The sites at Agra are characterized by alluvial setting. It appears that the septic tanks have not able to contain the contamination by coliform. However, they do indicate significant concentration of nitrate and faecal coliform. The nitrate concentration exceeds the BIS permissible limit (45 mg/L) and hence the situation is alarming for the two localities, namely, Pandav Nagar and Ayodhya Kunj. It is observed that the densely populated locality of Ayodhya Kunj recorded high concentration of nitrate (range 29–220 mg/L) as compared to Pandav Nagar and Laxmi Nagar which are relatively less populated.
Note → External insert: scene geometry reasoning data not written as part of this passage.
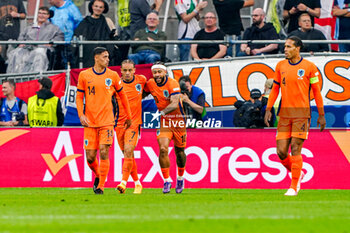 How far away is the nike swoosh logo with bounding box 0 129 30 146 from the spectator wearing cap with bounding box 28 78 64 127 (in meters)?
0.34

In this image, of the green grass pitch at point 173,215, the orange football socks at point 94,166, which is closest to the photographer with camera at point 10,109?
the orange football socks at point 94,166

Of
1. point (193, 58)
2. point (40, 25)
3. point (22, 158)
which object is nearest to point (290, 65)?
point (193, 58)

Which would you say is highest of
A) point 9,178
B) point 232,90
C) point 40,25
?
point 40,25

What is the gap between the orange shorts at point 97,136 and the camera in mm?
13938

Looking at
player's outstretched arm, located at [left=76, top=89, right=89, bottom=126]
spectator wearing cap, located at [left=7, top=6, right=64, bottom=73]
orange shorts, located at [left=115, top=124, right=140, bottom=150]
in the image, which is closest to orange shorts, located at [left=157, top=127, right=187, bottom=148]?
orange shorts, located at [left=115, top=124, right=140, bottom=150]

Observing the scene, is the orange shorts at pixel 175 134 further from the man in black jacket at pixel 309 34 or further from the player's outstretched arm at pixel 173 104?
the man in black jacket at pixel 309 34

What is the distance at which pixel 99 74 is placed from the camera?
13.9m

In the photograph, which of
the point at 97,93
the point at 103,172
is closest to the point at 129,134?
the point at 103,172

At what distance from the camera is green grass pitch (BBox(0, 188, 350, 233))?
7.87 metres

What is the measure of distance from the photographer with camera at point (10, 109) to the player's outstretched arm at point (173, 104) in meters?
4.85

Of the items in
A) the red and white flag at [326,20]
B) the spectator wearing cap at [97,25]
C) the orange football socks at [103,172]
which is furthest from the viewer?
the spectator wearing cap at [97,25]

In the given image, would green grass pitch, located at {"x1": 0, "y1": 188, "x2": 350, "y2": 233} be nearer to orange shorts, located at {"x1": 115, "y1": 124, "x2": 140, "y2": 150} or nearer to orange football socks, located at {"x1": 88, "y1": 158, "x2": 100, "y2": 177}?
orange football socks, located at {"x1": 88, "y1": 158, "x2": 100, "y2": 177}

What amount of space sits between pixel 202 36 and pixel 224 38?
0.84m

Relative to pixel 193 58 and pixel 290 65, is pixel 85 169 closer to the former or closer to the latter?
pixel 193 58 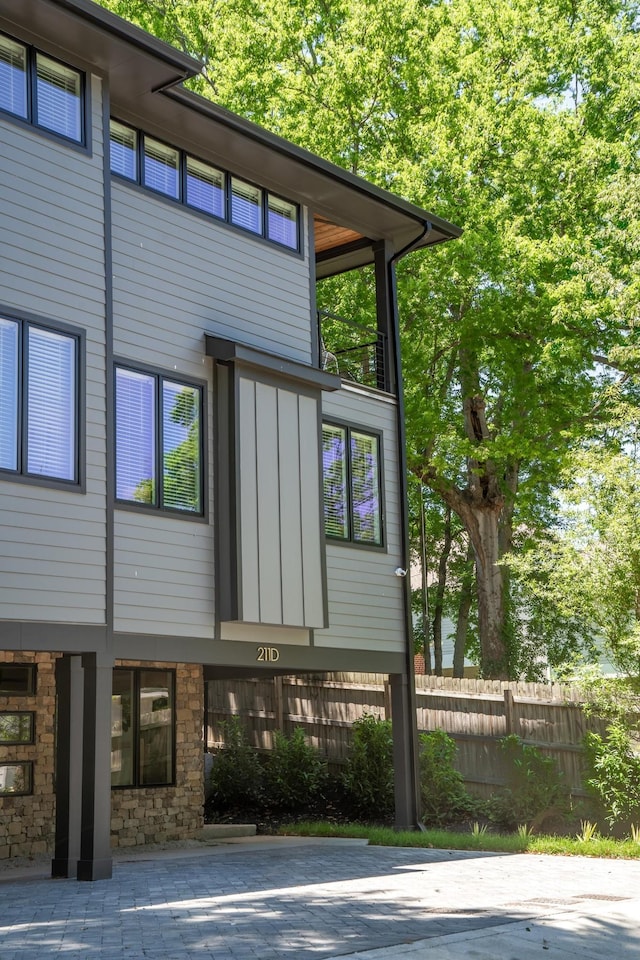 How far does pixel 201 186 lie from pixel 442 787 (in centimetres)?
885

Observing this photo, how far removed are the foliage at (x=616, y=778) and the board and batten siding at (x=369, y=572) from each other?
9.74 feet

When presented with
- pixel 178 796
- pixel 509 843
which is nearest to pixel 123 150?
pixel 178 796

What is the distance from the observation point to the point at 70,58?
10922 millimetres

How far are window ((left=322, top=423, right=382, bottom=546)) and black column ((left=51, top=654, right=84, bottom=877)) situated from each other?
423 cm

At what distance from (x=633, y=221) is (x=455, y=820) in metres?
9.53

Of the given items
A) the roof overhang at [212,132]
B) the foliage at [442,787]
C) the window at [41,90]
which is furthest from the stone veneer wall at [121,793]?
the roof overhang at [212,132]

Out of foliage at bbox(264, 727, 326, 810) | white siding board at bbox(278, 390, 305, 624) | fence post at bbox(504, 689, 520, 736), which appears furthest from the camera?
foliage at bbox(264, 727, 326, 810)

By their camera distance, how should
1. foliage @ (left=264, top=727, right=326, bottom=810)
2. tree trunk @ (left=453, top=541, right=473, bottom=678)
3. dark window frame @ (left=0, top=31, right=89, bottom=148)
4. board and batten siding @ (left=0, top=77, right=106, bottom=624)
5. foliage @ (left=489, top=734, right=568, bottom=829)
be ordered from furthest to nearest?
tree trunk @ (left=453, top=541, right=473, bottom=678), foliage @ (left=264, top=727, right=326, bottom=810), foliage @ (left=489, top=734, right=568, bottom=829), dark window frame @ (left=0, top=31, right=89, bottom=148), board and batten siding @ (left=0, top=77, right=106, bottom=624)

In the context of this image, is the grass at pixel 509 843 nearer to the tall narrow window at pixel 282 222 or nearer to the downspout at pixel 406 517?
the downspout at pixel 406 517

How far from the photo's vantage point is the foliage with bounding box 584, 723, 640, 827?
13.4 meters

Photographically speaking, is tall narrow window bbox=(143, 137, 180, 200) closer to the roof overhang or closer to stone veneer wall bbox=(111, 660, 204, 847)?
the roof overhang

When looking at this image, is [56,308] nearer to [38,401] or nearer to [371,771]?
[38,401]

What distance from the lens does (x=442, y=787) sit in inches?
599

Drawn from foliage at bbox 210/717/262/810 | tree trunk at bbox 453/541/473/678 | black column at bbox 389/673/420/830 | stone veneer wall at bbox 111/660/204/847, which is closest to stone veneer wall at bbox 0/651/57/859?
stone veneer wall at bbox 111/660/204/847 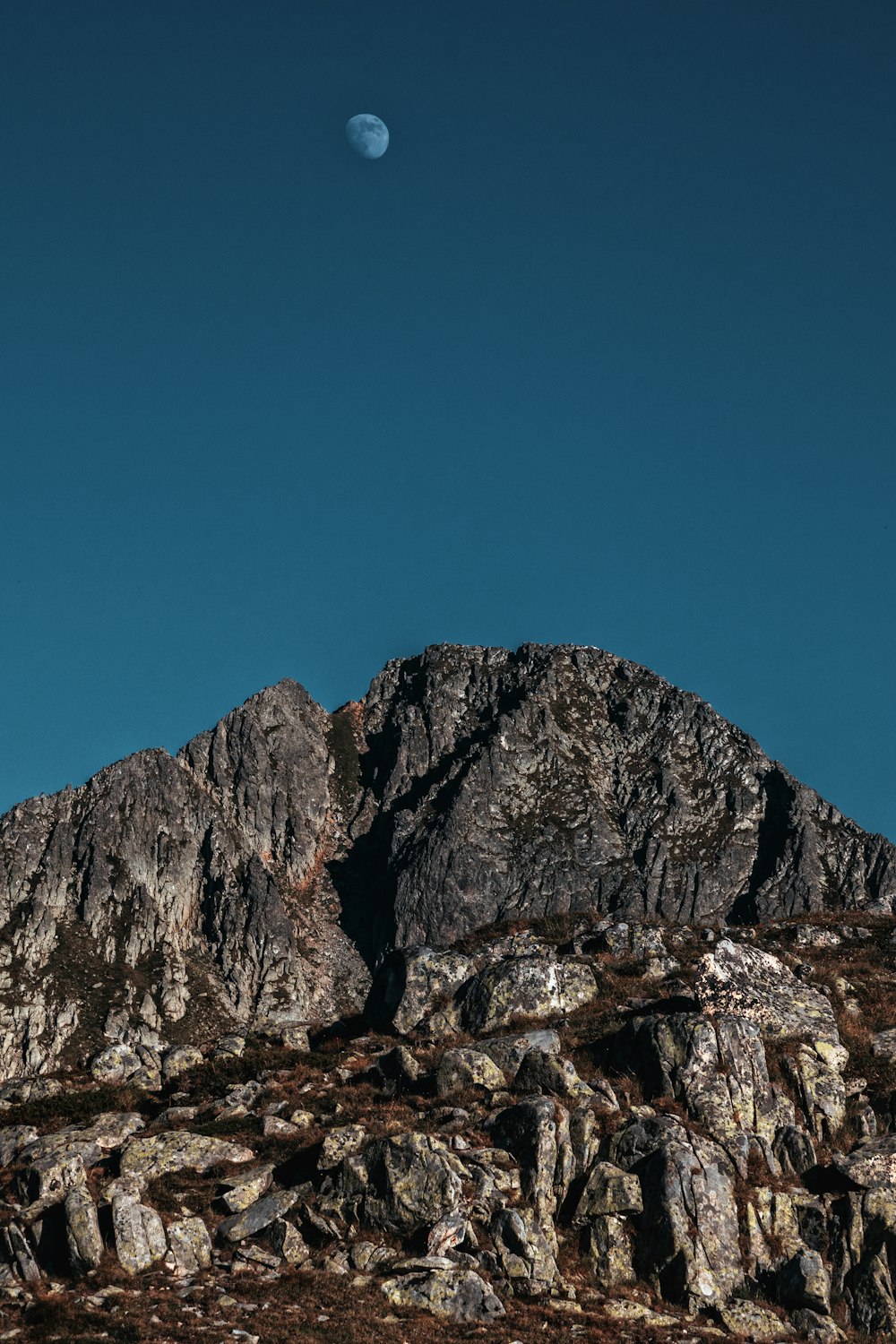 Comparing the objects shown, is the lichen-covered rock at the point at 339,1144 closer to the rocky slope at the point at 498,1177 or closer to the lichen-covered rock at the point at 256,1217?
the rocky slope at the point at 498,1177

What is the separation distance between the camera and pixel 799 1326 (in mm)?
28469

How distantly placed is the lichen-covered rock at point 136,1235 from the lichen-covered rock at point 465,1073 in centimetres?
1068

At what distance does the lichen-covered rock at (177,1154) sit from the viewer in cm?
3272

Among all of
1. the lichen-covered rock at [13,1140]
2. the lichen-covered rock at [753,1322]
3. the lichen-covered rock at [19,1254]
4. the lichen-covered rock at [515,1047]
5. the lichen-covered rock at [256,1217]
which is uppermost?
the lichen-covered rock at [515,1047]

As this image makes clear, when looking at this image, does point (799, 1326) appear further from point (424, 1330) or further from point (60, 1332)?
point (60, 1332)

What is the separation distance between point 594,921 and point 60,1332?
34745 millimetres

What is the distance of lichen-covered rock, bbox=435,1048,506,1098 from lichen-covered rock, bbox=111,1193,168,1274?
35.0 ft

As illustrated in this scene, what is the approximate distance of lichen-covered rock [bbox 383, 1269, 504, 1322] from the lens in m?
26.7

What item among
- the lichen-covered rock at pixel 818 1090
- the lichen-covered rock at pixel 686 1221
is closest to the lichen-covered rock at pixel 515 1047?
the lichen-covered rock at pixel 686 1221

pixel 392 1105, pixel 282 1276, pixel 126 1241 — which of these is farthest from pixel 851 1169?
pixel 126 1241

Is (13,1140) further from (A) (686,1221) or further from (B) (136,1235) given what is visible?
(A) (686,1221)

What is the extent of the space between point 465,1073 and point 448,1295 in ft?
32.5

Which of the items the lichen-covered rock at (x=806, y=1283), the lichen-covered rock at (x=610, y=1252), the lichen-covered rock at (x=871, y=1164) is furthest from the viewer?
the lichen-covered rock at (x=871, y=1164)

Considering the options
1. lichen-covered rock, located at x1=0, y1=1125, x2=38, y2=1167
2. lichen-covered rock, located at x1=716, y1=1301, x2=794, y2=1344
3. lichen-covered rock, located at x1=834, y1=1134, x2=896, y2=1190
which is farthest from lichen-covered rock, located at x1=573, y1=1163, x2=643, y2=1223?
lichen-covered rock, located at x1=0, y1=1125, x2=38, y2=1167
The samples are contaminated by faecal coliform in both pre-monsoon and post-monsoon. As the soil type is mostly coarse sand, in which the movement of contaminants will be faster as compared to fine sand, the aquifer is affected more due to the coarse sand structure. The findings are contrary to those from other alluvial areas like Lucknow (Jangam et al. 2015) and Kolkata (Pujari et al. 2012). As per the BIS guidelines, faecal coliform should be absent to render the water potable. Hence, there is health risk due to presence of faecal coliform.

Recommendations

  • A systematic hydrogeological mapping of the aquifers in the study area should be undertaken before implementation of On-site sanitation system. If multiple aquifers are present, the groundwater from the deeper aquifer should be tapped for drinking as compared to the shallow aquifer. If off-site sanitation cannot be provided, best design for the On-site sanitation should be ensured.

  • Mandatory monitoring of faecal coliforms should be carried out monthly and critical parameter like nitrate should be carried out at least in pre-monsoon and post-monsoon season.

  • It is desired that the people drinking the faecal coliform contaminated sources should boil the water before it is used for drinking.